Entretanto, apesar de partir de um lugar mais comum, os dois cineastas estreantes se mostram capazes de propor algo interessante, justamente por entenderem que a essência do cinema não está em premissas, temas ou histórias, mas na capacidade de criar emoções a partir de imagens e sons.
Não à toa, os momentos que menos funcionam em “Dog”, são aqueles em que o longa para para dar uma lição de moral ou abordar um tema “mais relevante”. Tudo soa meio didático e protocolar demais nessas cenas, sobretudo nos ensinamentos do ex-militar dono do cachorro irmão de Lulu e quando o protagonista não consegue ficar com ninguém no bar porque “ele não se encaixa tanto no mundo atual”.
Por outro lado, “Dog” encontra sua força ao romper um pouco essa lógica do “fofo, engraçado e sentimental” dos filmes de cachorro (ainda que tenha isso em grande medida), para criar uma obra que parece se reinventar e encontrar rumos inesperados por diversos momentos. Destaque para a fuga de Lulu para uma casa na floresta que termina com um encarceramento, em que os diretores fazem um uso inteligente de alguns elementos do cinema de horror.
E, mesmo que nós já saibamos qual será o final, isso se dá muito mais por uma expectativa que desejamos encontrar do que por uma previsibilidade covarde ou algo do tipo. É quase como se esse fosse o único final possível para filmes desse subgênero tão confortável e reconfortante.

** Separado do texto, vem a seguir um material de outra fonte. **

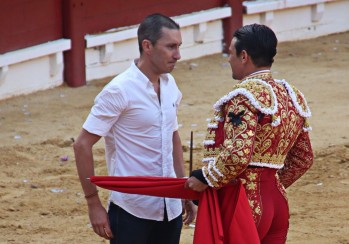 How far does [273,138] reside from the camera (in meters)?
3.95

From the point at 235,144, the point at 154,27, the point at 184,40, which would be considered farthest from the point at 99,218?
the point at 184,40

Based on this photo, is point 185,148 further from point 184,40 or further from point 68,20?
point 184,40

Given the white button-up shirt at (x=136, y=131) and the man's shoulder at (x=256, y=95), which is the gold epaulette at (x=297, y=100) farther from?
the white button-up shirt at (x=136, y=131)

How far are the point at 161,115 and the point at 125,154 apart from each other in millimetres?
210

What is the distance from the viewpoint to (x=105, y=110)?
403 centimetres

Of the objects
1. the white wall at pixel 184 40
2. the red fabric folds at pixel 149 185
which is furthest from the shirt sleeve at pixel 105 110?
the white wall at pixel 184 40

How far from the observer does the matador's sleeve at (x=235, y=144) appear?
3.80m

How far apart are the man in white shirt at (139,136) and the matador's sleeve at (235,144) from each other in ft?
1.13

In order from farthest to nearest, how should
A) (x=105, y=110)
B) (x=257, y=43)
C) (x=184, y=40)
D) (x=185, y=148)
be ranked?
(x=184, y=40), (x=185, y=148), (x=105, y=110), (x=257, y=43)

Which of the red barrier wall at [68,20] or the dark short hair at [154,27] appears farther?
the red barrier wall at [68,20]

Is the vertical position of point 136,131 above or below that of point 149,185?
above

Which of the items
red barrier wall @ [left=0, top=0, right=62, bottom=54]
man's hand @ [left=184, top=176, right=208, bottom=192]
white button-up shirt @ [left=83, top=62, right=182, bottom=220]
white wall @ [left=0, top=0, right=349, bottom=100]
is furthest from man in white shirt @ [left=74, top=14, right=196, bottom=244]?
red barrier wall @ [left=0, top=0, right=62, bottom=54]

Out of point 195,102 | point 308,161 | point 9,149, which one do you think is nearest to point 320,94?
point 195,102

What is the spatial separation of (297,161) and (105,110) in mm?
829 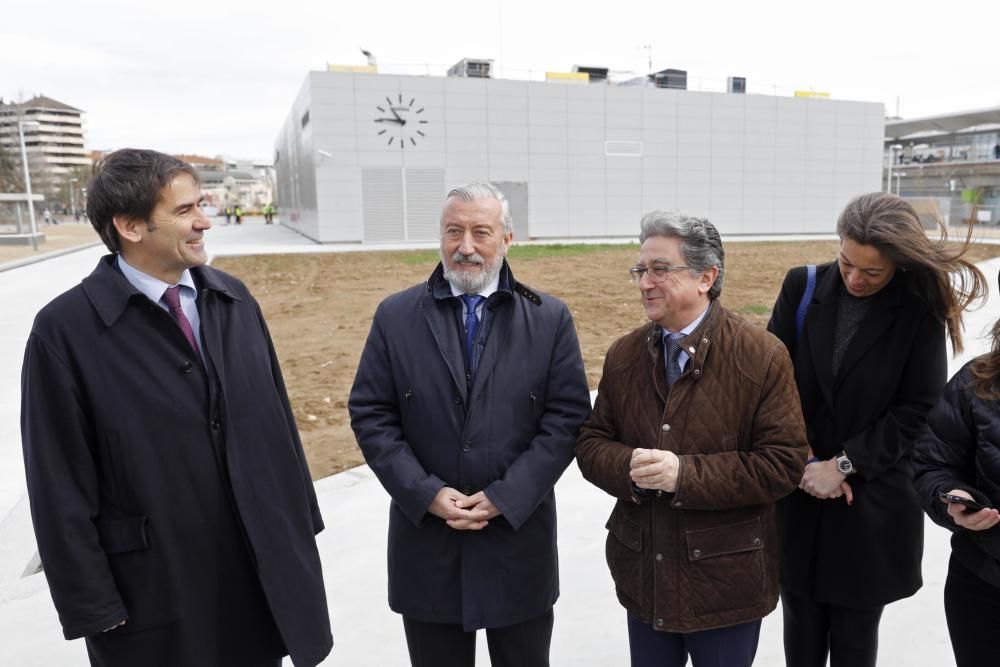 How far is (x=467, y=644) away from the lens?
2.54m

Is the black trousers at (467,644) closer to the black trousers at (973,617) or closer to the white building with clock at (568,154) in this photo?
the black trousers at (973,617)

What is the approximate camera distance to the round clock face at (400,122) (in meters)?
31.8

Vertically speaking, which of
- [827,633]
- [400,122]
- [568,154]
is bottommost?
[827,633]

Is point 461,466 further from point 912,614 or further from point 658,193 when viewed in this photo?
point 658,193

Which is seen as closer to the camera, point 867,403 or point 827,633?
point 867,403

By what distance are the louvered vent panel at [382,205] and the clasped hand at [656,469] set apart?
3158 cm

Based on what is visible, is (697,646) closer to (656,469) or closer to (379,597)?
(656,469)

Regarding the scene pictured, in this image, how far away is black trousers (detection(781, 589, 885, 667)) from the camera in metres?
2.54

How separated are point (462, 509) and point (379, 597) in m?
1.64

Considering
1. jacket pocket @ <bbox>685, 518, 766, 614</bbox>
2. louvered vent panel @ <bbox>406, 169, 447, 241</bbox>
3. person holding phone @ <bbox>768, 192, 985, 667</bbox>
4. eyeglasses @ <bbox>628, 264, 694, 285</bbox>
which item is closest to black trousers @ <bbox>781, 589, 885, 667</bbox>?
person holding phone @ <bbox>768, 192, 985, 667</bbox>

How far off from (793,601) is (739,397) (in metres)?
1.03

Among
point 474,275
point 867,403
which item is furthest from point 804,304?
point 474,275

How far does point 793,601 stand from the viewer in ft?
8.80

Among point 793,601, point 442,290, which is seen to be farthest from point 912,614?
point 442,290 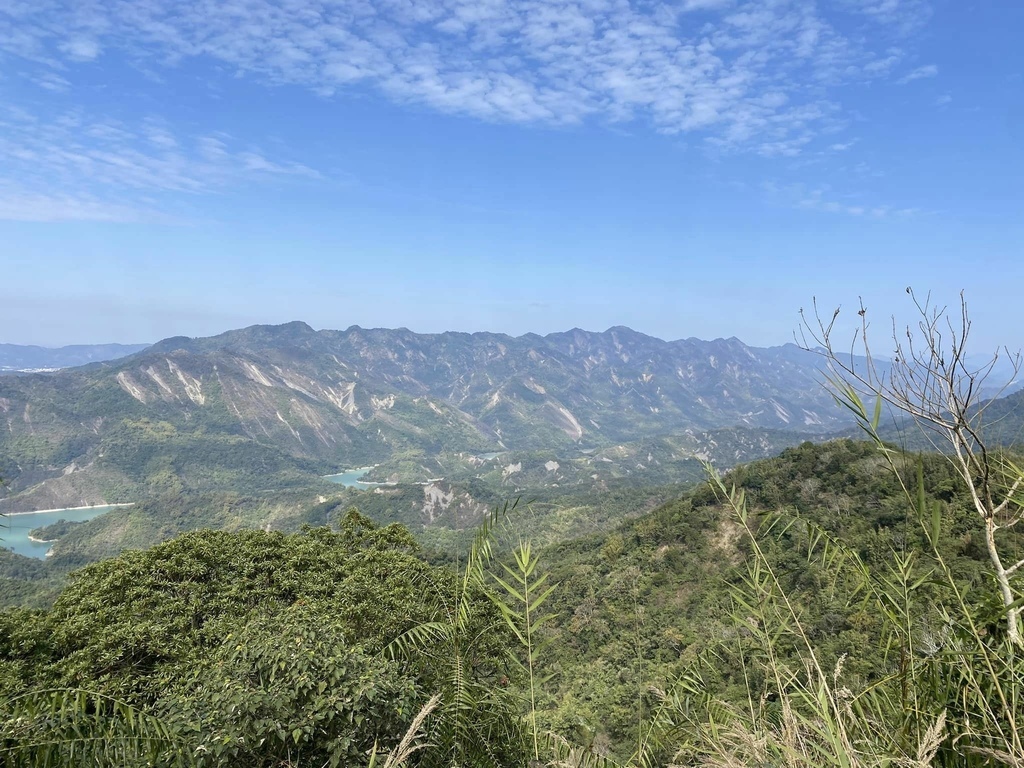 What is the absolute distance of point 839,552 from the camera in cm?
250

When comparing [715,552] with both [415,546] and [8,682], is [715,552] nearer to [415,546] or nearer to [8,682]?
[415,546]

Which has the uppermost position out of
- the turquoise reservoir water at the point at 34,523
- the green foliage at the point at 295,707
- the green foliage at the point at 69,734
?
the green foliage at the point at 69,734

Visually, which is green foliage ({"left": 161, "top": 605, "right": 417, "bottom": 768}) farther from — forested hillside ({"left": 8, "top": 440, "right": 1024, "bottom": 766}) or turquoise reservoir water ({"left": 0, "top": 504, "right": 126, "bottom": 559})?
turquoise reservoir water ({"left": 0, "top": 504, "right": 126, "bottom": 559})

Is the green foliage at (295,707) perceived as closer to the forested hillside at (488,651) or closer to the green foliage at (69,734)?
the forested hillside at (488,651)

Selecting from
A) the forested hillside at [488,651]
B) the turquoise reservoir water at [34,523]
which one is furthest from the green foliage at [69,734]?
the turquoise reservoir water at [34,523]

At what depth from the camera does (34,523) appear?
147250mm

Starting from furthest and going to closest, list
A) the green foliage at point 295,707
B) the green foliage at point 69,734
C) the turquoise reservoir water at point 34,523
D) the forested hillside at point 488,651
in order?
the turquoise reservoir water at point 34,523
the green foliage at point 295,707
the green foliage at point 69,734
the forested hillside at point 488,651

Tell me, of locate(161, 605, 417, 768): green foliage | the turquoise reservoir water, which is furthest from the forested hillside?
the turquoise reservoir water

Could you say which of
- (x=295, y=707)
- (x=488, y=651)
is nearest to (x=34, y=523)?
(x=488, y=651)

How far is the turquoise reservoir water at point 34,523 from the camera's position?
122 meters

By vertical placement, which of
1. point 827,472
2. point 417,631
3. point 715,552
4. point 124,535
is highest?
point 417,631

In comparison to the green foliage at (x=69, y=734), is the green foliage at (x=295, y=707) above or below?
below

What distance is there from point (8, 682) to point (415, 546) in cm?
1294

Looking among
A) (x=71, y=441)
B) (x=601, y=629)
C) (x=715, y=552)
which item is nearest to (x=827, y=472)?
(x=715, y=552) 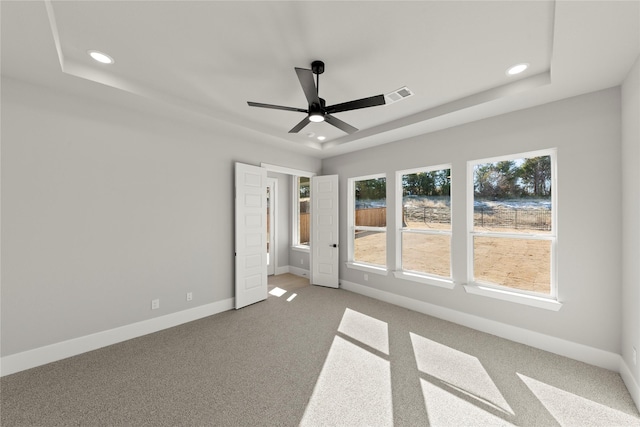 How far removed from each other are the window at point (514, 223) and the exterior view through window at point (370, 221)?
4.69 feet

Porém, a essência do longa está mais em ser esse road movie que aproxima Briggs e Lulu por meio dessas situações. Só que, se a grande maioria das obras com cachorro são extremamente manipulativas e apelam para o uso de close e primeiro plano para vermos uma reação engraçada ou fofa do pet, Tatum e Carolin se mostram extremamente capazes de criar essa relação de forma mais honesta e poderosa.
Isso porque conseguem lidar com as duas figuras centrais quase sempre no mesmo plano, o que vai se intensificando a partir do momento em que Briggs e Lulu começam a criar esse laço. Fica claro o poder dessa união quando a montagem não precisa se fazer presente e podemos observar sem interferência os olhares se cruzando ou um abraço.
Além disso, vale um destaque para como a direção não subestima a inteligência do público, como 99% desses filmes fariam sob a desculpa de “ser um filme família”. São vários os elementos apresentados durante a trama, como o trauma de Lulu dos tiros, o comer na mão de quem confia ou abraçar quem gosta, que quando retornam na trama como recompensa ao espectador, não há a necessidade de explicar novamente ou relembrar aquilo. Tudo é resolvido mais uma vez por meio da imagem, como o cinema deve ser.